Bond got to his knees and rearranged the hide-out, massaging his aching
back as he did so. Then he spat the dust from the sacking out of his
mouth, took a swallow from the water-bottle, assured himself through his
slit that there was no movement outside, and lay down and let his mind
wander back over every word that Blofeld had uttered.
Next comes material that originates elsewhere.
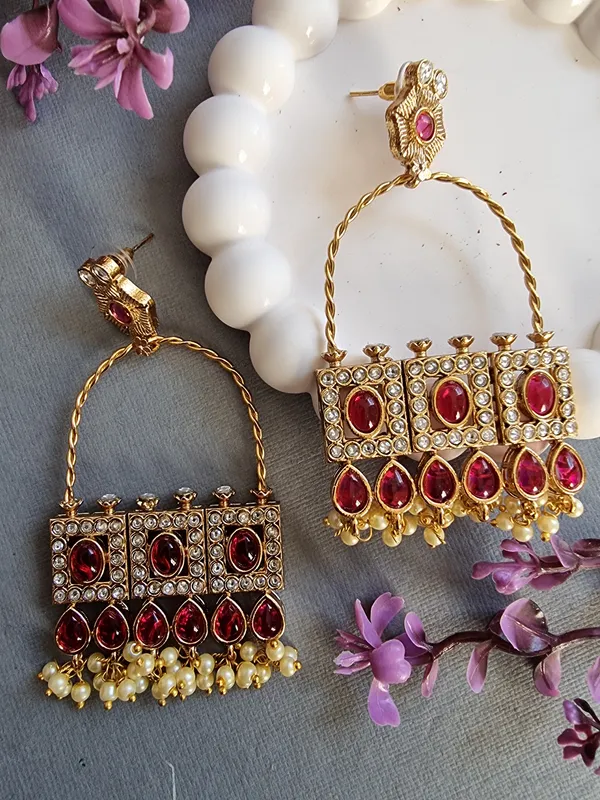 AASHINI_LONG_GOLD_PLATED_KEMP_STONE_EARRINGS_FOR_WOMEN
Of course the man was mad. A year earlier, the usual quiet tones that
Bond remembered so well would never have cracked into that lunatic,
Hitler scream. And the coolness, the supreme confidence that had always
lain behind his planning? Much of that seemed to have seeped away,
perhaps, Bond hoped, partly because of the two great failures he, Bond,
had done much to bring about in two of Blofeld's most grandiose
conspiracies. But one thing was clear--the hide-out was blown. Tonight
would have to be the night. Ah, well! Once again Bond ran over the hazy
outline of his plan. If he could gain access to the castle, he felt
pretty confident of finding a means to kill Blofeld. But he was also
fairly certain that he himself would die in the process. Dulce et
decorum est... and all that jazz! But then he thought of Kissy, and
he wasn't so sure about not fearing for himself. She had brought a
sweetness back into his life that he thought had gone for ever.

Bond dropped off into an uneasy watchful sleep that was once again
peopled by things and creatures out of nightmareland.




18. OUBLIETTE

At six o'clock in the evening, the deep bell tolled briefly from the
castle and dusk came like the slow drawing of a violet blind over the
day. Crickets began to zing in a loud chorus, and geckos chuckled in the
shrubbery. The pink dragonflies disappeared and large horned toads
appeared in quantities from their mud holes on the edge of the lake and,
so far as Bond could see through his spy-hole, seemed to be catching
gnats attracted by the shining pools of their eyes. Then the four guards
reappeared, and there came the fragrant smell of a bonfire they had
presumably lit to consume the refuse they had collected during the day.
They went to the edge of the lake and raked in the tattered scraps of
blue clothing and, amidst delighted laughter, emptied long bones out of
the fragments into the water. One of them ran off with the rags,
presumably to add them to the bonfire, and Bond got under cover as the
others pushed their wheelbarrows up the slope and stowed them away in
the hut. They stood chattering happily in the dusk until the fourth
arrived, and then, without noticing the slashed and disarrayed sacks in
the shadows, they filed off in the direction of the castle.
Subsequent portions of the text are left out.